Whether you’re different from everyone else or you’re being different from how you were brought up, something inside of you is pushing against something outside of you.
Isn’t that great? It’s great. You’ll see.
Define Your Type of Success
One person’s dream may be a 9-to-5 that pays enough to support a growing family. Another person’s may be passive income that’s enough to take monthly vacations.
“Different” is misleading. Different from what? That 9-to-5-er might be diverging from the norm if they grew up with unemployed parents. The passive income earner seems unusual, but they may be doing what they’ve always done if that income stream was set up by his dad and he’s had a bottomless bank account since birth.
Embrace being different by choosing your type of success regardless of (a) what you’re used to, (b) what other people have expected of you and even (c) what you’ve always expected of yourself if it’s not inspiring anymore.
P.S. The fact that you’re defining success for yourself, whatever that definition may be, is already an example of being different.
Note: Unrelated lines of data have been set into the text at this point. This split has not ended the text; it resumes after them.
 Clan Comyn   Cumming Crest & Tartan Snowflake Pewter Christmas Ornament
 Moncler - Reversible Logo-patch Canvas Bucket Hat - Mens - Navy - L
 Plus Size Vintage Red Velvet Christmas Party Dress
Bryan Cranston, star of the greatest TV show ever (Breaking Bad, obviously) talked to the Financial Post about the riskiness of deciding to be an actor. “If that means sleeping on someone’s couch for the rest of my life, then that’s what that is.” One person’s old, lumpy couch is another person’s dream come true.
Create Your Own Rules
When Beyonce dropped her self-titled album in 2013, it was a bold move, one she was terrified of. She released the entire album without any promotion. Since she’s Beyonce, we know that it worked out for her.
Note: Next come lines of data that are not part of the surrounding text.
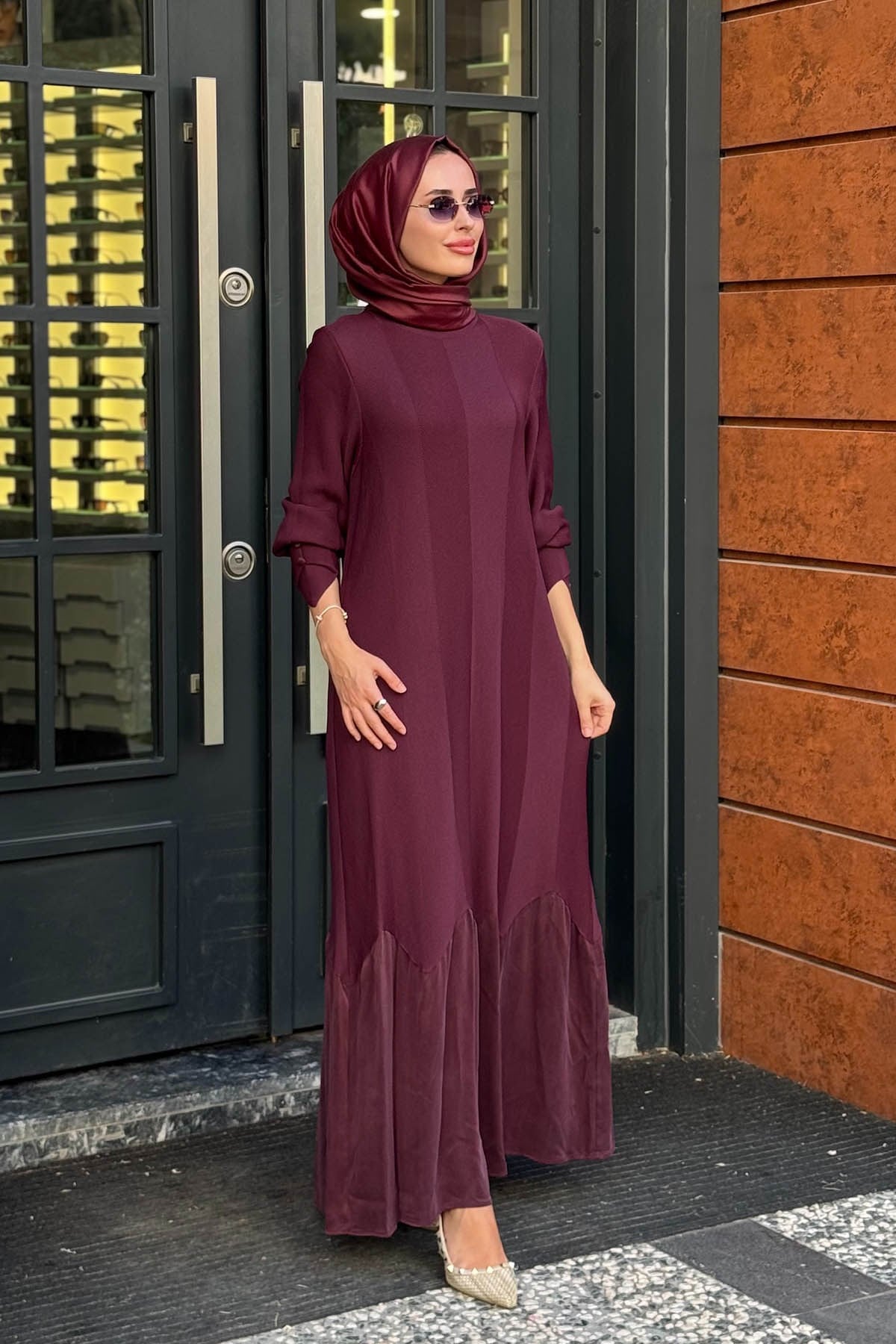 MİSS DALİDA Triko Elbise 3264005 Mürdüm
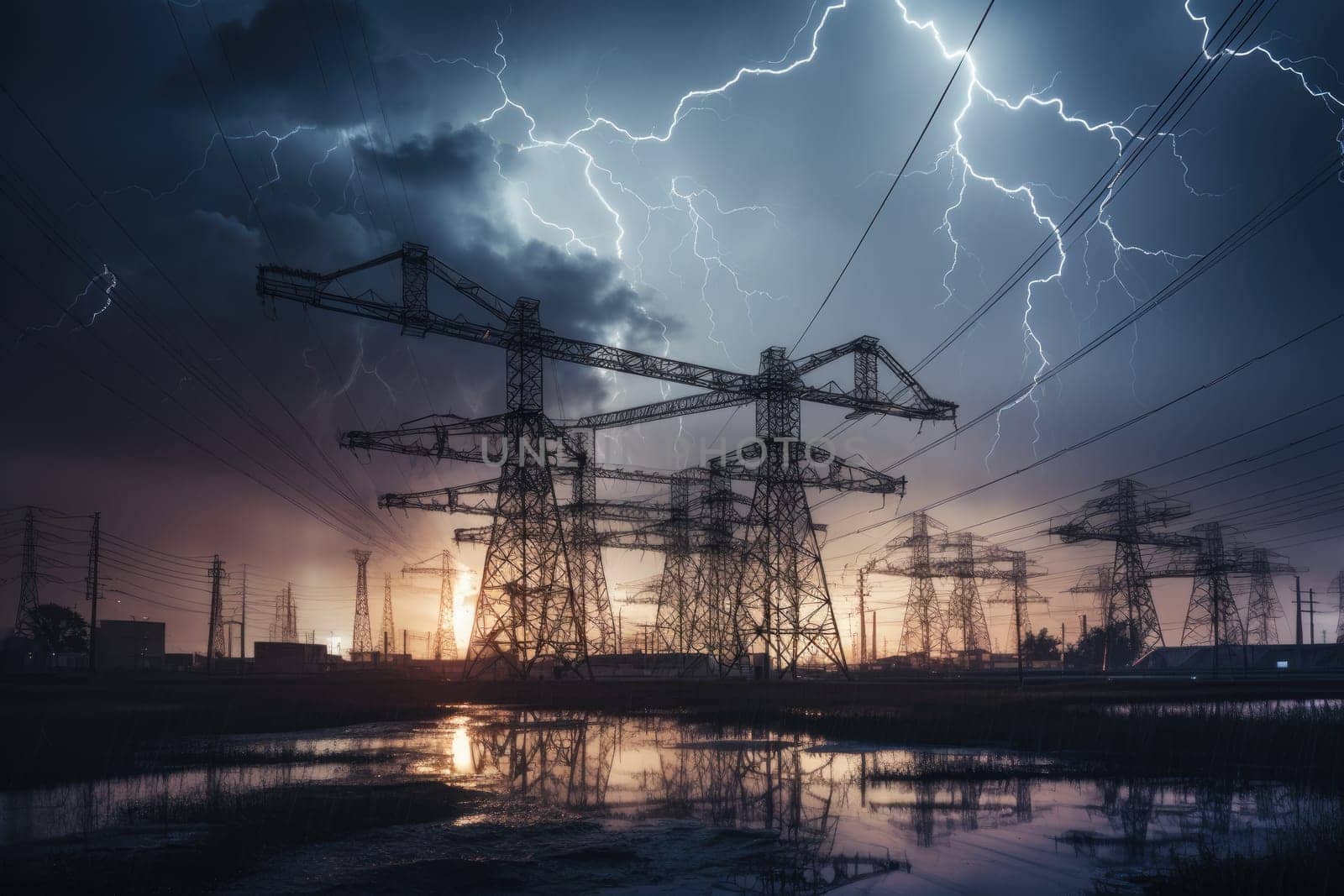 image of intense downpour, tempest with lightning and gloomy skies above electrical towers..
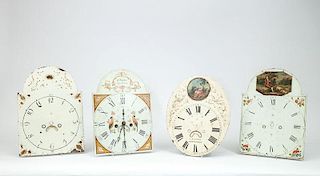 Four English Painted Brass Clock Faces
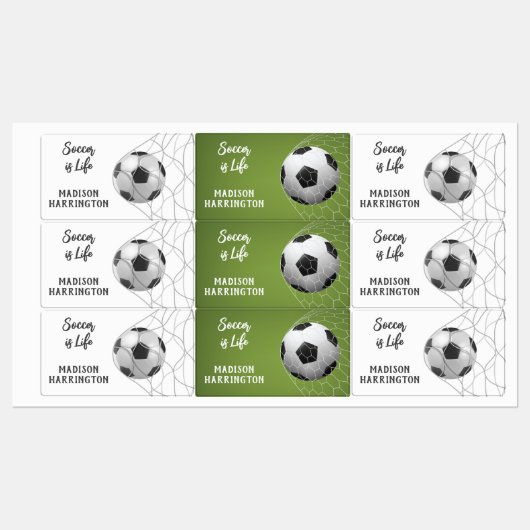 Aangepaste naam en tekst Voetbaldoel Labels (Vel)
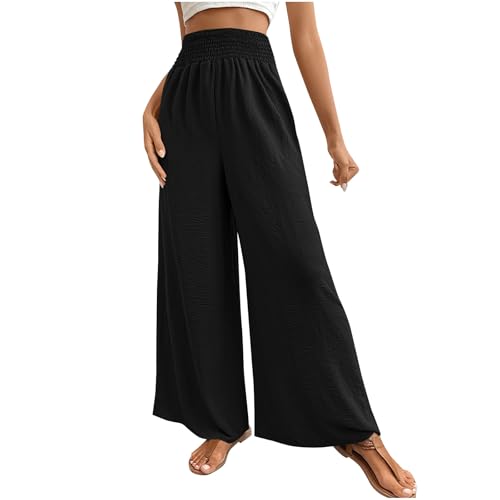 Masrin Freizeithose Damen Einfarbig Lange Hose mit Weitem Bein Baggy Gerade Hose Hohe Taille Palazzo Hose Elastische Taille Stoffhose Schlupfhose Chinohose Strandhose Sporthose Wanderhose Sommerhose von Masrin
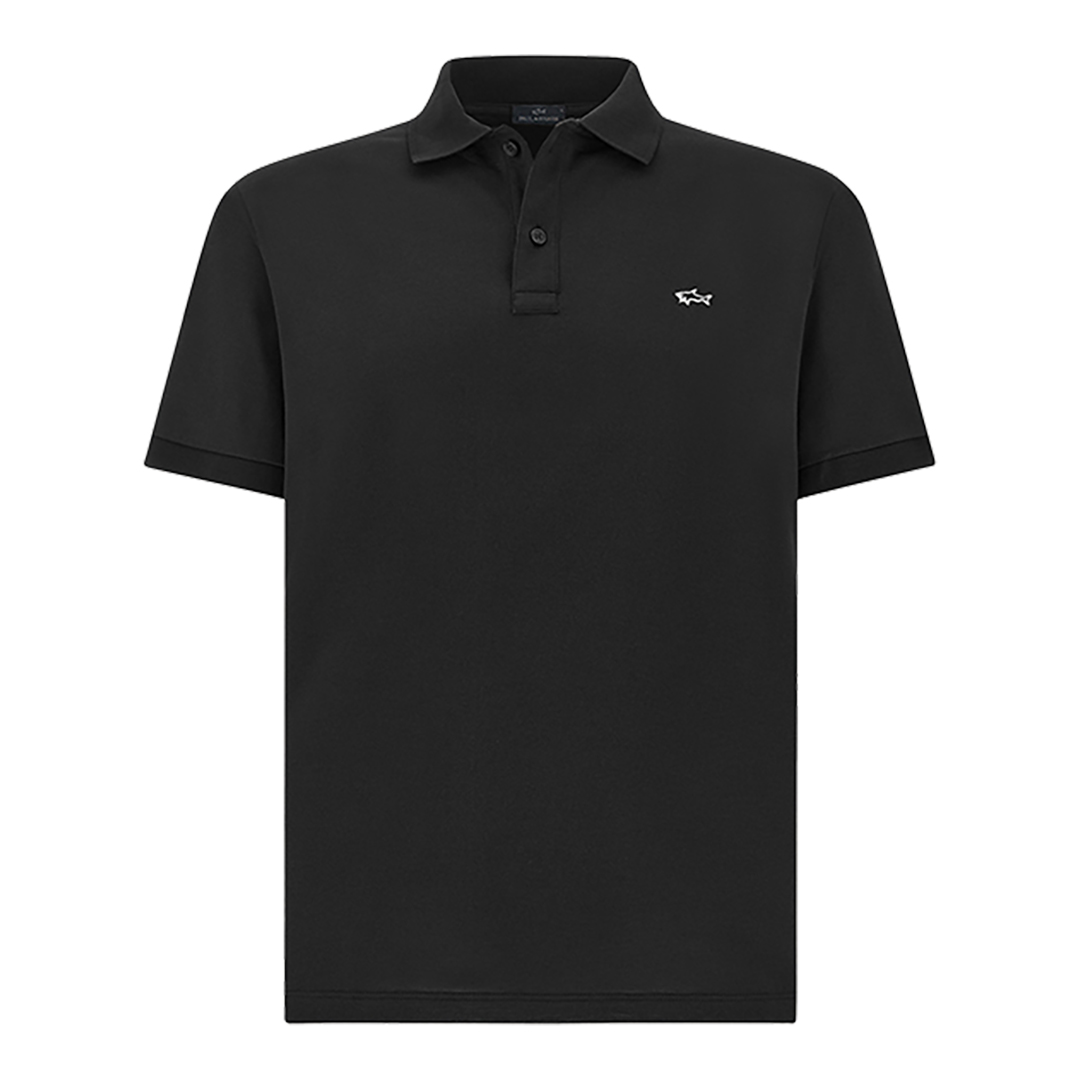 Paul & Shark Men's Black Double Piqué Cotton Polo Shirt With Shark Embroidery, Man, Size: 4XL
If you feel like you’re different, then you’re playing by different rules than the other people you know. More likely, you’re creating your own rules. Sure, it could fail. Or it could take off and be the best decision you ever made. What it won’t be is run-of-the-mill.
Launch a guerilla marketing campaign no other business has tried before. Tell your boss you want to spearhead a new project even though you’ve only been at the company for six months. Cancel your Facebook account. Go on a meditation retreat. Become a vegan.
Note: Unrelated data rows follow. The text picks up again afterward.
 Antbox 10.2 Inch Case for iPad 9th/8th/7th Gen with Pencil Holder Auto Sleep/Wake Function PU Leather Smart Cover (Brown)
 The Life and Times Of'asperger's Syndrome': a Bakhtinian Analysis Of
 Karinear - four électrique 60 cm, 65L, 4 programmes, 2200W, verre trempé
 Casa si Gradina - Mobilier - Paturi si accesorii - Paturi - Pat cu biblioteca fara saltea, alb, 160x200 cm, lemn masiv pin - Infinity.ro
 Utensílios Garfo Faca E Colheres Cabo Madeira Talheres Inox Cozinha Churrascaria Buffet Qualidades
Question expectations so that you can uncover what you want to do and who you want to be. Bill Gates dropped out of college – not the obvious precursor to success, but it didn’t matter. Stephen Spielberg couldn’t even get accepted to the University of Southern California’s School of Cinematic Arts. (They apologized by dedicating a building to him.)
You don’t want to embrace ideas just because they’re different, though. Remember, you’re different because you live your life a certain way – rebelliously and bravely – not because you go, “That’s different, I’ll do that then.”
Be Your Mentor
Nobody knows you like you do, and since the other people you know can’t relate to your exotic ways, you won’t always get useful guidance from them. When it comes to business, you may have to make decisions and take chances when everybody else is telling you you’re nuts. Eventually, supporters will appear. Sam Yagan, the creator of SparkNotes, told the Financial Post, “Now all high school and college students love it, but at the time it was a crazy idea to turn down a job to go start an Internet company.”
Want more inspiration about finding your way? Look up the story of Sylvester Stallone when he wrote Rocky. You’re welcome.
Get Used to Being Judged
Everyone in my life has said some version of, “Are you going to get a real job?” It’s obnoxious, but it’s also par for the course. And it’s not personal.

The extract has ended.